Fluent dreaming for language models

TL;DR

Fluent dreaming for language models introduces Evolutionary Prompt Optimization (EPO), a method that builds a Pareto frontier between a differentiable internal feature $f(\mathbf{t})$ and prompt fluency to enable fluent dreaming in text models. By maintaining a population of prompts with different fluency weights and using gradient-informed token substitutions, EPO demonstrates higher activations and more coherent prompts across token logits, MLP neurons, and residual-stream directions in Pythia-12B than max-activating datasets. The results reveal rare or out-of-distribution triggers and polysemantic behavior, enabling deeper mechanistic interpretability and potential red-teaming applications. The approach is general, extensible, and supported by public code, offering a practical tool for probing language-model internals beyond traditional dataset-driven analyses.

Abstract

Feature visualization, also known as "dreaming", offers insights into vision models by optimizing the inputs to maximize a neuron's activation or other internal component. However, dreaming has not been successfully applied to language models because the input space is discrete. We extend Greedy Coordinate Gradient, a method from the language model adversarial attack literature, to design the Evolutionary Prompt Optimization (EPO) algorithm. EPO optimizes the input prompt to simultaneously maximize the Pareto frontier between a chosen internal feature and prompt fluency, enabling fluent dreaming for language models. We demonstrate dreaming with neurons, output logits and arbitrary directions in activation space. We measure the fluency of the resulting prompts and compare language model dreaming with max-activating dataset examples. Critically, fluent dreaming allows automatically exploring the behavior of model internals in reaction to mildly out-of-distribution prompts. Code for running EPO is available at https://github.com/Confirm-Solutions/dreamy. A companion page demonstrating code usage is at https://confirmlabs.org/posts/dreamy.html

Figures (6)

• Figure 1: Token-level attribution for three of the examples from Table \ref{['tab:six-examples']}. For each token position, we use the same top-k gradient operation used in GCG and EPO to identify 32 candidate replacement tokens. The color of the token in the visualization corresponds to the reduction in activation from the worst substituted token in that position.

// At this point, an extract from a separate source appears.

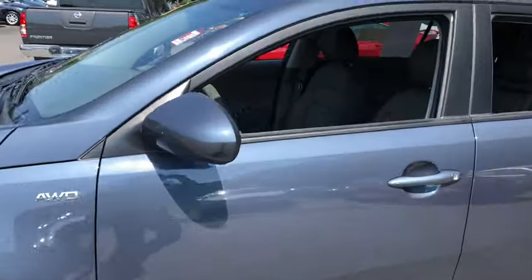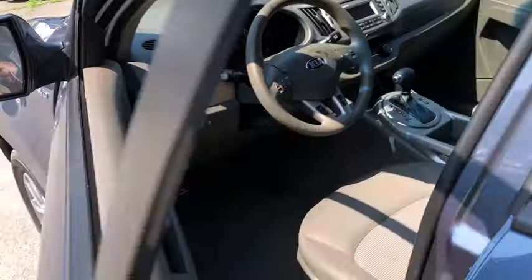This vehicle has less than 50,000 miles. Here are some of this vehicle's great options.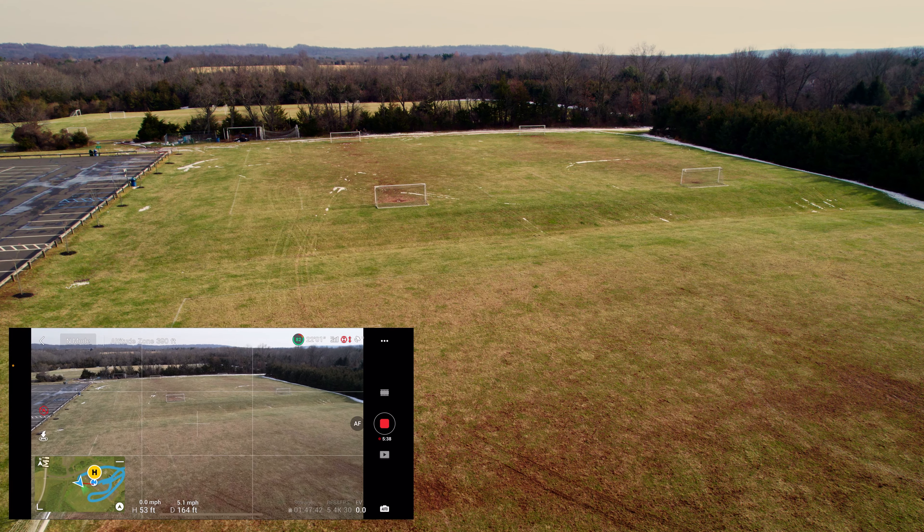Those are the reasons why I went with the Air 2S over the Mavic 3. I'd like to hear your thoughts, so let me know in the comments. If this information was helpful, please hit that like button and subscribe to C5 Drones for more drone-related content. Thanks for watching, guys, and fly safe.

Dark reds indicate that a different token in that position can reduce the activation to almost zero. The height of the token bar indicates the reduction in activation from the best alternative token in that position. Tall bars indicate that all potential token substitutions reduce activation dramatically and thus the precise token is very important. We share interactive versions of this visualization at https://confirmlabs.org/posts/dreamy.html.
• Figure 2: a) Pareto frontiers for sixty runs of EPO applied to L10.N5 with different random initializations. b) The evolution of the Pareto frontier during a single run of EPO.
• Figure 3: Comparing activation and cross-entropy between dreaming outputs and the top 64 max-activating dataset examples from 500 million tokens of the Pile. The black line is schematically separating regions of the plot that are empirically inside and outside the training distribution.
• Figure 4: Causal attribution visualizations for six prompts produced by applying dreaming to L3.N1000. See the caption of Figure \ref{['fig:attribution']} for an explanation of the attribution method.
• Figure 5: a) Average cross-entropy plotted against number of tokens for text in the Pile. The dark gray region shows one standard deviation above and below average cross-entropy while the light gray region shows two standard deviations. Note that all the optimized prompts in this paper are 12 tokens in length. b) We plot average cross-entropy across the residual vector alignment dreaming runs as a function of slack below maximum alignment as measured in units of random prompt standard deviations. See the text for a discussion of the units. c) The distribution of cross-entropy for dreaming results with a slack of three standard deviations.d) The distribution over 50 random target vectors of maximum alignment for each method. e) Similar to d but, in order to approximately restrict the analysis to in-distribution prompts, we restrict the dreaming outputs to have cross-entropy below 6. Note that we do not restrict the cross-entropy of the max-activating dataset prompts because they are known to be in-distribution.